Munna Michael Music Review

Tiger Shroff is a seen in a still from the song "Ding Dang." (Tiger Shroff/Twitter photo)

Music: Tanishk Bagchi, Javed-Mohsin, Vishal Mishra, Brijesh Shandilya, Rahul Pandey, Kanika Kapoor, Gourov-Roshin, Tanishk-Vayu & Pranaay

Lyrics: Kumaar, Tanishk-Vayu, Danish Sabri & Sabbir Khan

The album begins well indeed. Siddharth Mahadevan spiritedly delivers the theme song of sorts, “Main Hoon,” penned by Kumar and composed by Tanishk Bagchi. The composition proves that Bagchi has a spark in him to make original songs and should steer clear of his boundless re-creations. It’s fine to make money, but not so often that you soon lose touch with your musical feel, as Anand-Milind did in the ‘90s after overdoing their Ilaiyaraja copies.

Amit Mishra and Antara Mitra go through “Ding Dang Karti Hai” with the zesty attention the song deserves. Composed by Javed-Mohsin, the song has amusingly trivial lyrics by Danish Sabri and Sabbir Khan.
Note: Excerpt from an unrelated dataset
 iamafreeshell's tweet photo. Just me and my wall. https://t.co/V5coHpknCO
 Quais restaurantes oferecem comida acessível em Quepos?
But hooks are the bane of today’s Hindi film music. “Pyar Ho” (Sunidhi Chauhan-Vishal Mishra) is a sweet, dulcet, love duet with an arresting turn of compositional phrase in the cross-line (the last segment of the ‘Antara’ that returns to the main lines or ‘mukhda’). But Mishra (also the composer) overuses the hook, deflecting attention from the beauty of the composition. Chauhan is accomplished, and Mishra is good as a singer.
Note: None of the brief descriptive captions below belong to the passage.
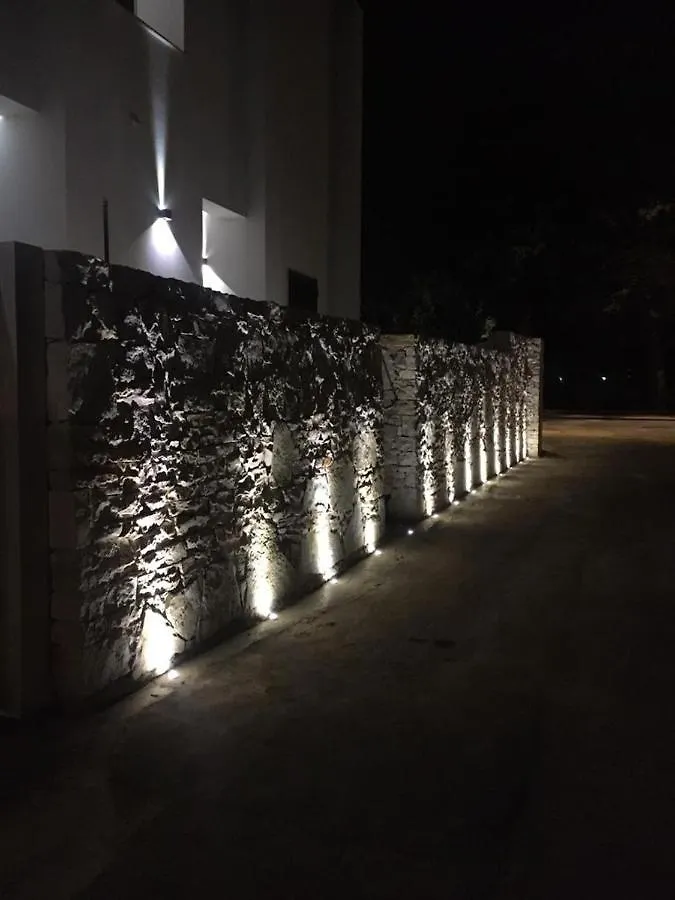 Villa Saracino Bari 0*,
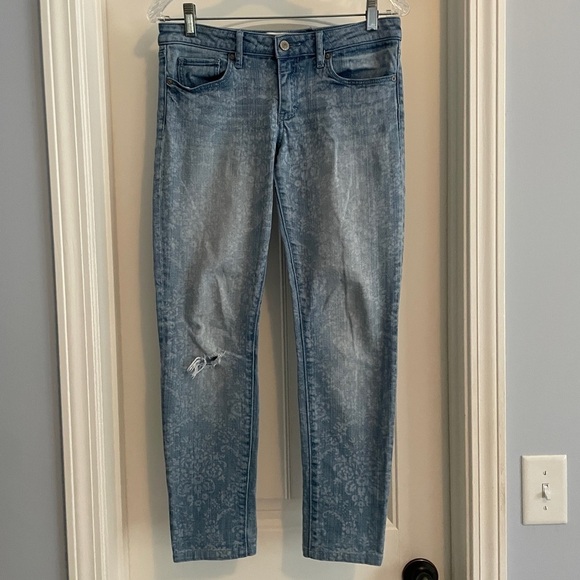 Abercrombie & Fitch 4 / 27 Low Rise Skinny Jeans w/ Floral Print - Picture 2 of 8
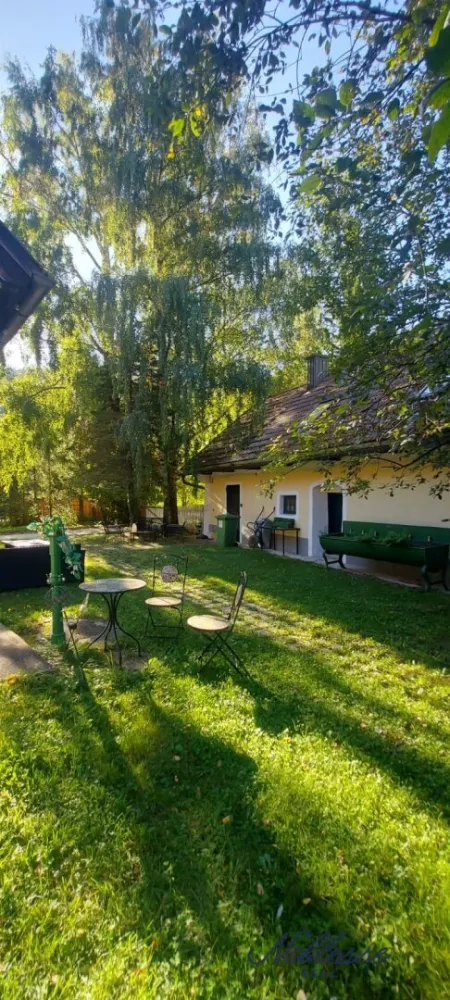 Wo Familie, Wohnen und Arbeiten im Einklang mit der Natur sind - Idyllische Liegenschaft ideal für Generationswohnen - Titelbild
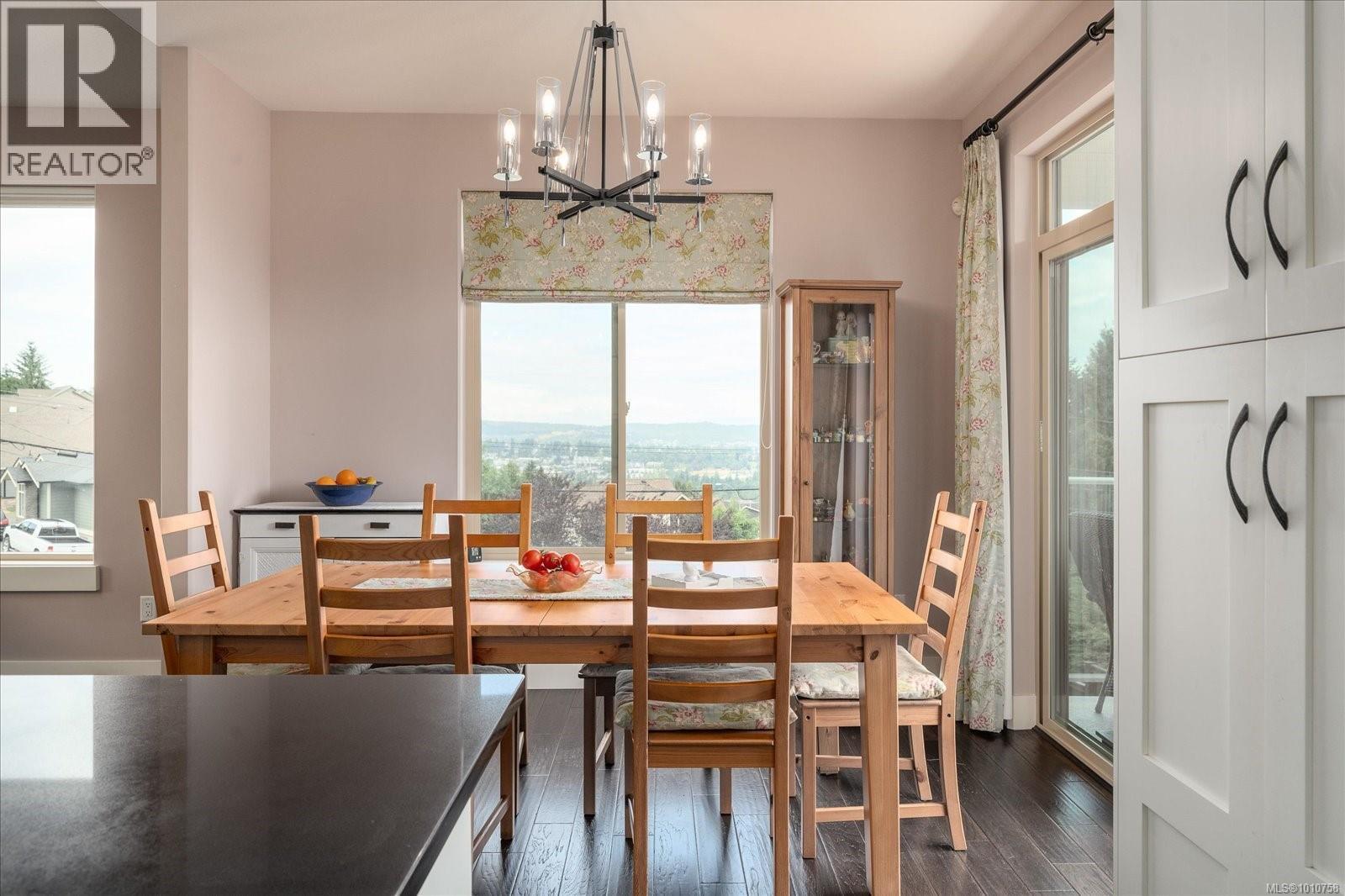 Property at 372 Cariboo Dr image 3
The lyrics are by Khan again. As the director of the film, he revisits his genetic traits with mixed results – he is the son of the late lyricist Noor Dewasi, who has spun a few songs like “Aao Huzoor Tumko Sitaron Mein Le Chaloon” in the Manmohan Desai film “Kismat” with music by O.P. Nayyar.
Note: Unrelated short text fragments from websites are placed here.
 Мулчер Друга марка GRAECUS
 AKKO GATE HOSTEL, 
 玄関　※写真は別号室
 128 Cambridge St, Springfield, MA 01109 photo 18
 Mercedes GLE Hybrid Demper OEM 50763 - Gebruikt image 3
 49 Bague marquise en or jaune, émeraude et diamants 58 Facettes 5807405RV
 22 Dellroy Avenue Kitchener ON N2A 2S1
The last of the interesting songs here is “Beparwah” (Siddharth Basrur, Nandini Deb) which is written by Kumaar and composed by Gourov-Roshin. It has as arresting instrumental riff, is well-composed and skillfully sung.

In “Shake Karaan,” Meet Bros. and Kanika Kapoor come together in a new avatar – they are co-singers for the first time in a song not composed by the former gimmick masters but by the latter. And how’s this song? Obviously, it is a trivial gimmick based on Punjabi folk with fully Punjabi words!

As we all know, in such excrescences, the changes in words and tunes are cosmetic, while in the case of these above music perpetrators, in particular, the technological tweaks overpower the weak ‘song.' How long, we wonder, will the people tolerate this Punjabi-‘paap’ in infinite overdrive in the name of dance-friendly beats? We were well past the saturation point at least six years back! Happily, this one is not too long in duration, so it stops short of being intolerable!

But we wonder why such songs are being assembled on and on – and on and on! How can we possibly listen to the same conveyor-belt rubbish again and again? And what can a music critic do but metaphorically tear his hair, aware that in the film, even a lavish filming will not make a difference!

Another gimmicky number is “Beat It Bijuriya” sung by Asses (!) Kaur and Renesa Baadchi, with lyrics and music by Tanishk-Vayu. Obviously again, there is nothing remotely inventive in any aspect of this template kind of rural-meets-‘maardern saang’ (modern song)!

“Feel The Rhythm Tonight” (Pranaay) is such an open tribute to Michael Jackson in the words (Danish Sabri, Sabbir Khan), music (Rahul Pandey) and groove that the original MJ would have recognized it even if he had got to listen to it somewhere and did not know a word of Hindi! It’s trivial again, but, at least, inoffensive. To give due but late credit, Bappi Lahiri, in the ‘80s, gave a more solid sound and tempo to his MJ-inspired creations!

“Swag” (Pranaay- Brijesh Shandilya) composed by Shandilya (and written by Kumaar and Sabbir Khan) serves its purpose – within the film, with Shandilya sounding like a Mika clone (!!). And “Swag Rebirth” is written by Kumaar and tuned and sung by Pranaay with few changes.

Our advice to the director: please get composers to sink their teeth into your stories – one at a time!

Anu Malik (“Kambakkht Ishq”) and Sajid-Wajid (“Heropanti”) did the best in your films, despite the musical intruders you allowed into both movies! “Baaghi” had the only song that has outlived the film – “Chham Chham Chham.”